On Jan. 28, 2020, Kramer Levin filed an amicus brief in the U.S. District Court for the Northern District of Florida on behalf of its client Everytown for Gun Safety in NRA v. Swearingen, a case involving a Second Amendment challenge to Florida’s age-based restrictions on the sale or transfer of firearms. Everytown is the nation’s largest gun violence prevention organization, with nearly six million supporters in all fifty states fighting for public safety measures that respect the Second Amendment and help save lives.

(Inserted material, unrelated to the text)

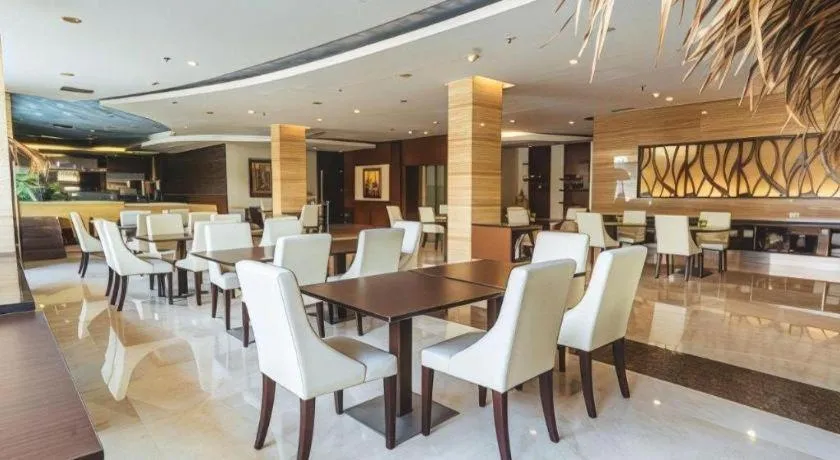 Hotel Urban Falatehan Blok M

Our brief supports the position of the Florida Attorney General’s office and the Florida Department of Law Enforcement, which are defending a recently amended Florida statute restricting licensed firearm importers, manufacturers, or dealers from selling or transferring firearms, with a number of exceptions, to persons under the age of 21. Plaintiffs in the case, who seek declaratory and injunctive relief, claim that the law: (1) unconstitutionally infringes on the Second Amendment rights of persons between the ages of 18 and 21, as applied to the States through the Fourteenth Amendment to the U.S. Constitution; and (2) unconstitutionally violates their equal protection rights under the Fourteenth Amendment. Plaintiffs’ challenge to the statute is one of several lawsuits that have been filed in federal and state courts around the country, arguing that similar statutes regulating the sale or transfer of firearms to persons under 21 years old are unconstitutional.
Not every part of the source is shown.